In that sense Isaiah is telling us what it means to be a child of God in our bodies, in the activity of our lives. Our second reading, from St. Paul’s letter to the church in Galatia, teaches us another aspect of what it means to be a child of God. It is through the heart, the working of the Spirit deep within that implants in us a longing, a desire, a crying out for our “Abba!” which means “Daddy!” It is that longing for God which comes not from a cognitive place, but from the mysterious caverns of our souls where our instincts and emotions reside. The place which houses those things we feel most strongly and where God’s Spirit works within us to make us long for a connection. When I hear my sons crying out for me, and not just whining, but crying out “Daddy!” it comes from a place of pure emotion, straight from the heart and it’s a wild, untamed part of us. They may be overreacting, or unnecessarily afraid but for them it is an authentic explosion of need and longing that cannot be stifled. It is that Spirit, welling up from within us, that drives us to our knees, or calls to us through the dark, or causes us to pray with sighs too deep for words. That, according to St. Paul, is what makes us children of God. To be a child of God is to be in touch with those deep places in our souls—our wants, our hopes, our dreams, our fears, our passions—and to spend time dwelling in them, bringing them in to the light because in those deep places, we often find God speaking most clearly and we know most purely how it feels to be God’s child.

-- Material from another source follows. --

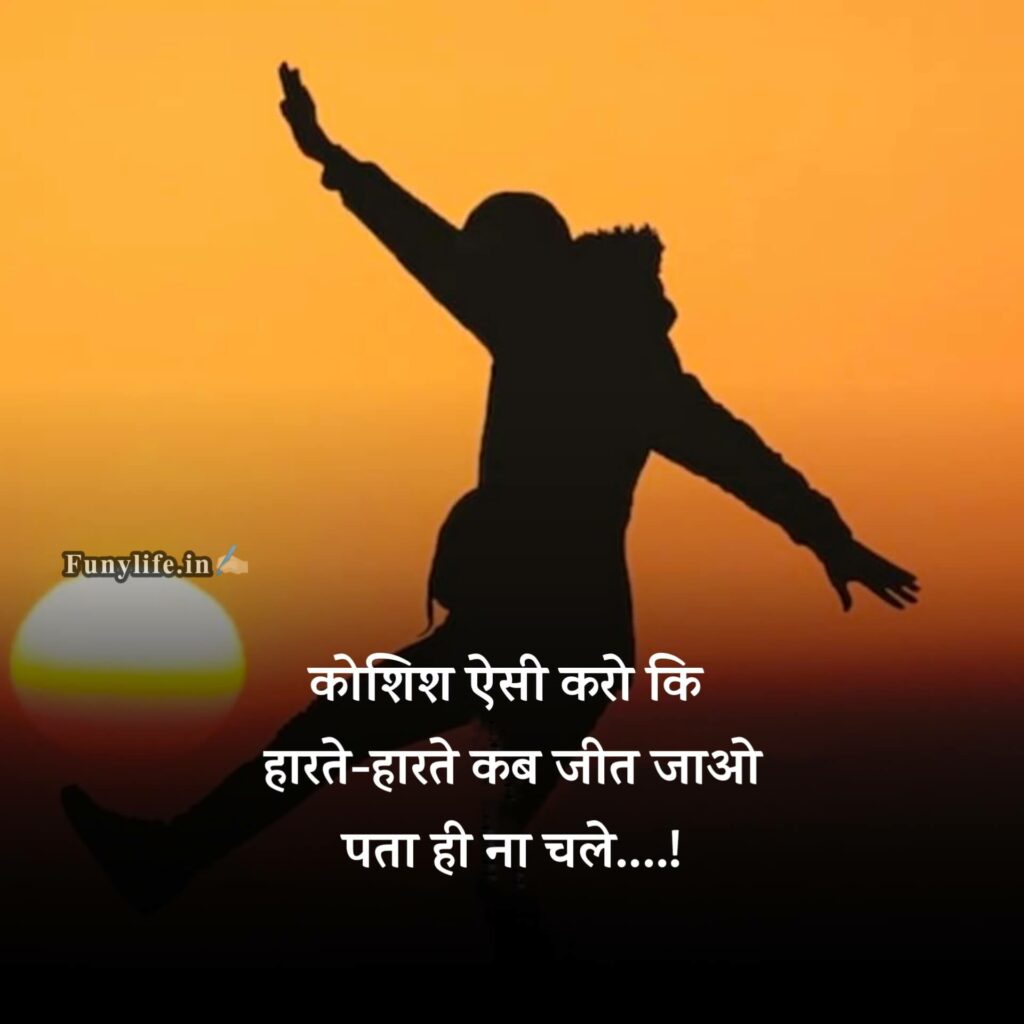 शार्ट कोट्स इन हिंदी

This Spirit that dwells in our hearts is in many ways similar to the Word which John’s Gospel introduces as our co-eternal creator with God. God’s Word, God’s very life is planted in us, his beloved creations. And that divine life is “the light of all people.” But there’s more to being a “child of God” for John than just that divine spark within all of us. For John, to be a child of God we need to receive and believe: “He was in the world, and the world came into being through him; yet the world did not know him. He came to what was his own, and his own people did not accept him. But to all who received him, who believed in his name, he gave power to become children of God.” Isaiah tells us what it means to be a child of God in our body, Paul in our heart, and John, in our mind. For it is through this choice, this very conscious choice to receive the Word of God made flesh in Jesus Christ and to believe in him, that we become children of God. To be a child of God in this instance means it is our responsibility to engage in the questions of faith; to listen, to learn, to consider and contemplate, and then ultimately, hopefully, to receive and to believe. For it is in cultivating our minds, our reason, our Logos, that we realize being a child of God is to exercise the most incredible creation God has implanted in us—our minds—and use them to find the answers to the most puzzling and persistent questions of our lives.

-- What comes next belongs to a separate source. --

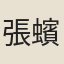 張蠙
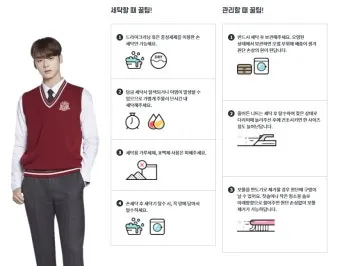 니트 손세탁 울코스와 탈수 타월 말림 보풀 방지_25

We stand here at the precipice of a new year, a future full of possibility, unrealized and unknown; a time of resolutions and changes. This year commit yourself to being a child of God not just a creation of God. Live adorned with righteousness and praise so that when people encounter you they are blinded by the radiance of God’s glory and goodness shining through you. Spend time in prayer so as to let loose those deep yearnings from within your soul, for it is in those stirrings of your heart that God speaks most directly and most clearly. And then learn, listen, contemplate and consider, wrestle and receive and believe all that wisdom that has been given unto you through Jesus Christ. For if you do those things you will know what it truly means—in mind, body and soul—to be a child of God. That’s the kind of resolution that could make this quite a happy new year indeed.